On 5 January 2018, six women told a Czech court that they reject their indictment on charges of promoting and support the neo-Nazi movement “Resistance Women Unity” (RWU), either refusing to testify about their actions between 2007 and 2009 or making brief statements claiming they are innocent. The District Court for Prague 2 will continue to hear the case again on 21 February.

According to the indictment, the women contributed to organizing events supporting the neo-Nazi movement and/or to the production and distribution of materials promoting the RWU. The movement, according to the prosecutor, provided that support especially at events convened for ultra-right adherents.

RWU published invitations to such events through the Internet, as well as other materials. The events were held primarily in Central Bohemia, for example, in Kladno, Kutná Hora and Prague, as well as in Děčín.

The funds raised at these events were allegedly used to support the so-called “Prisoners of War”, or imprisoned right-wing extremists. The indictment also accused the women of having organized, for example, “children’s days” that were attended by right-wing extremists and their offspring.

Those on trial last week were Martina Bartošová, Eva Bittmannová, Martina Boriková, Zuzana Cvrčková, Michaela Čermáková and Michaela Dupová. “I disagree with this indictment,” Cvrčková told the court.

“I am convinced of my innocence and I have committed no crime,” Cvrčková testified. She also complained that the prosecution of the case has dragged on for too many years now.
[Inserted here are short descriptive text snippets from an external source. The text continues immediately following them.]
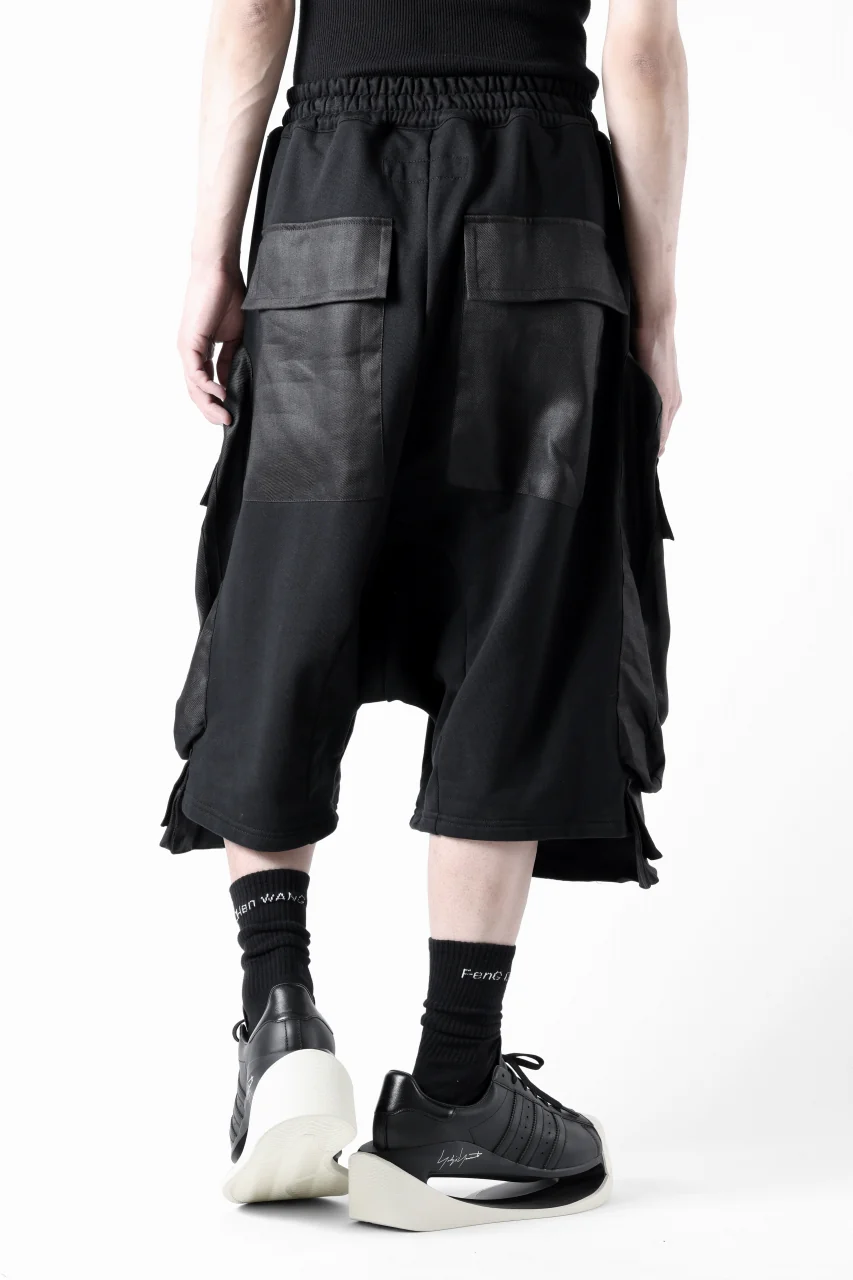 A.F ARTEFACT COMBINED DROPCROTCH CARGO SHORTS (BLACK) - Image 4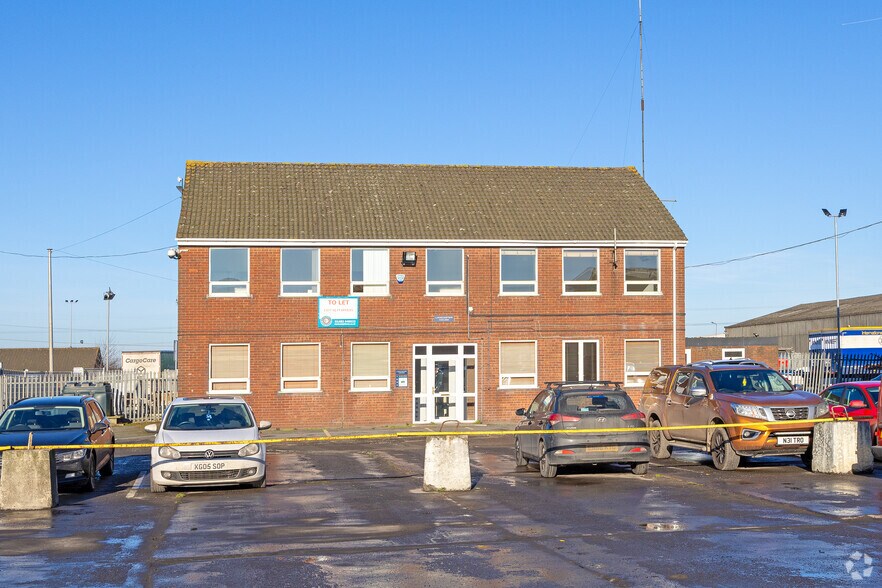 Killingholme Airfield, North Killingholme à louer - Photo du bâtiment - Image 2 de 8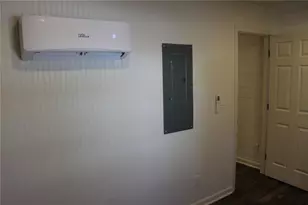 11 Liberty St, Gainesville, GA 30501 - Photo 11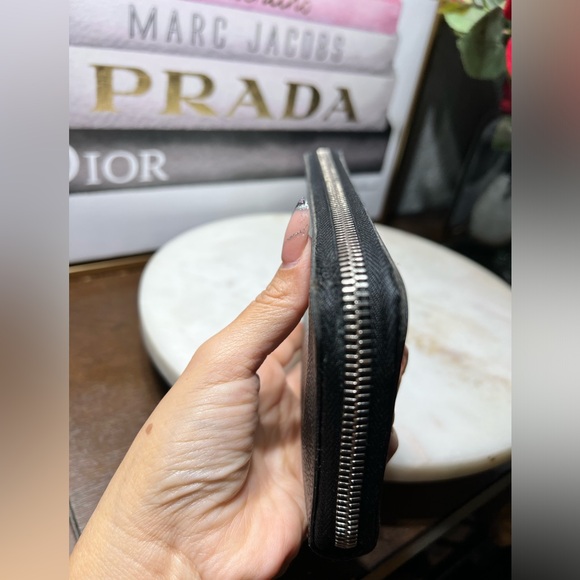 Louis Vuitton Damier GUC Graphite
Vertical zippy wallet - Picture 13 of 17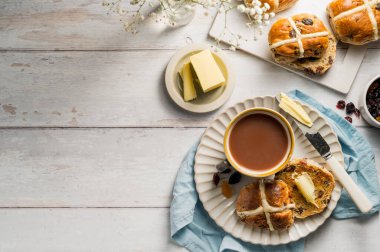 Tereyağlı çörekler. Kahvaltı konsepti. Üst Manzara. Paskalya çörekleri. Boşluğu kopyala.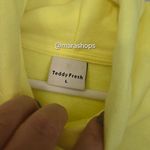 Teddy Fresh  Highlighter Yellow Cropped Hoodie Photo 4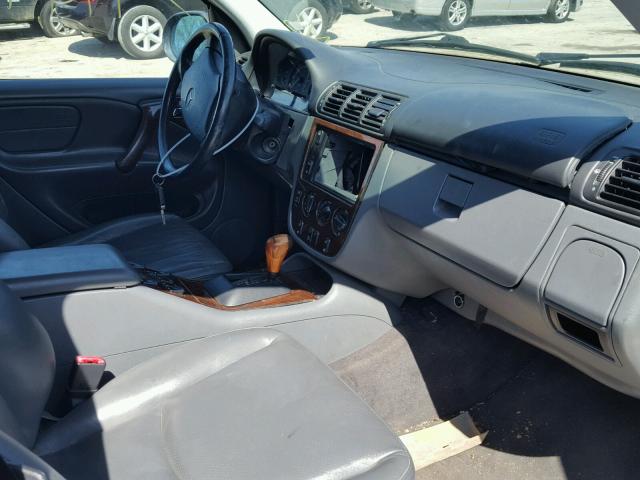 4JGAB72E1XA065911 - 1999 MERCEDES-BENZ ML 430 银色 照片 5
Defendant Bartošová told the court that she had merely attended permitted public assemblies and rejected the idea that she had been promoting extremism. The other defendants did not want to make a statement about the case.
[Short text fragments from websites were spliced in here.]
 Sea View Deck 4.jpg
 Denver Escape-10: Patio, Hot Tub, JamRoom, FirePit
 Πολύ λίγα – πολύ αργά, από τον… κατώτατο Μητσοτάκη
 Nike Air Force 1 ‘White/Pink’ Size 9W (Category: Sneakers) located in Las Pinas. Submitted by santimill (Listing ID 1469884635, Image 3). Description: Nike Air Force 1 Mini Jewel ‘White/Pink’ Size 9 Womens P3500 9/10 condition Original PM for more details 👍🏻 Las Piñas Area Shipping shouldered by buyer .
According to the previous version of the criminal code under which they were charged, the defendants face between three and eight years in prison if convicted. The case originally involved charges against 15 women.

The prosecution of two of the women was conditionally suspended when they confessed. Another two concluded plea bargains.

Five women have been acquitted, but because the prosecutor appealed those verdicts, their cases will be reviewed by the Supreme Court. The cases are closely connected with a raid performed by the Organized Crime Detection Unit that intervened against the topmost levels of the hierarchy of the Czech ultra-right.

During the first phase of that operation, 18 extremists were charged. Some of those prosecuted allegedly had relationships with the militant ultra-right organization White Justice, while others were suspected of plotting terrorist attacks or holding hate concerts.

The Czech Police have said in the past that the RWU was ideologically related to a similar women’s organization in Hitler’s Germany that existed until 1945, the ideological subtext of which was the alleged racial superiority of “Aryan” women. The RWU was first established in the Czech Republic in 2007.

The group’s aim, according to its proclamations, was to bolster opposition against a system which, in its view, was “intentionally opposed to the long-term survival of white families.” Some members of the RWU were also involved with the extremist Workers’ Party, which was dissolved by the courts in 2010.

These cases are not the only protracted litigation connected with right-wing extremism that the Czech justice system is dealing with. Since 2010 the courts have been handling another case of promoting the National Resistance movement and convening various neo-Nazi events, actions in which former members of the Workers’ Party and other alleged extremists were involved.